- [Task prompt]:
Each entry below is to be copied verbatim, with no line missing.

----------------------------------------

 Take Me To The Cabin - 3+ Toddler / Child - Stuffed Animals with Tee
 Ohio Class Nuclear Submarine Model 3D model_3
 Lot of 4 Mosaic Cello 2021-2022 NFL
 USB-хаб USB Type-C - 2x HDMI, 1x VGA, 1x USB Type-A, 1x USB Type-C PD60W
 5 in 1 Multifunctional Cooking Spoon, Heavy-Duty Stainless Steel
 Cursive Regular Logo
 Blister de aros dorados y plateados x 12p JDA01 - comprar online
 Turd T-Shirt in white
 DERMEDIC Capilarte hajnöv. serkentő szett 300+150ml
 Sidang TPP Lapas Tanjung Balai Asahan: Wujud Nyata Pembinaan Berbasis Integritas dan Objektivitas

----------------------------------------

- [Result of the task]:
 Take Me To The Cabin - 3+ Toddler / Child - Stuffed Animals with Tee
 Ohio Class Nuclear Submarine Model 3D model_3
 Lot of 4 Mosaic Cello 2021-2022 NFL
 USB-хаб USB Type-C - 2x HDMI, 1x VGA, 1x USB Type-A, 1x USB Type-C PD60W
 5 in 1 Multifunctional Cooking Spoon, Heavy-Duty Stainless Steel
 Cursive Regular Logo
 Blister de aros dorados y plateados x 12p JDA01 - comprar online
 Turd T-Shirt in white
 DERMEDIC Capilarte hajnöv. serkentő szett 300+150ml
 Sidang TPP Lapas Tanjung Balai Asahan: Wujud Nyata Pembinaan Berbasis Integritas dan Objektivitas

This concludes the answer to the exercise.